## Work task
Skipping all images, output the listing word for word.

## Data segment

----

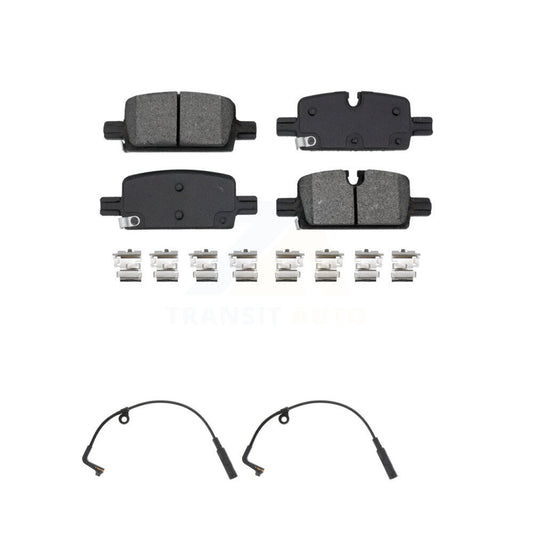 Brake Pads Kit-KSW-100811 - Kit.bestparts.ca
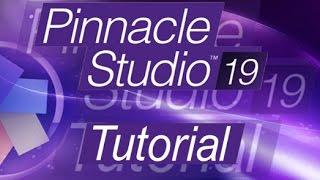 Pinnacle Studio 19 - Full Tutorial for Beginners +General Overview*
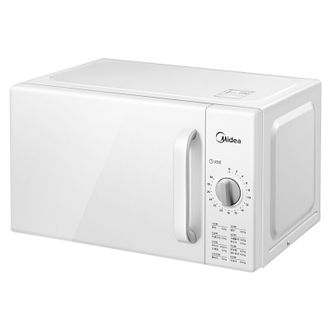 美的/Midea  微波炉  M100 白色  转盘式快捷加热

----

## Answer space
 Brake Pads Kit-KSW-100811 - Kit.bestparts.ca
 Pinnacle Studio 19 - Full Tutorial for Beginners +General Overview*
 美的/Midea  微波炉  M100 白色  转盘式快捷加热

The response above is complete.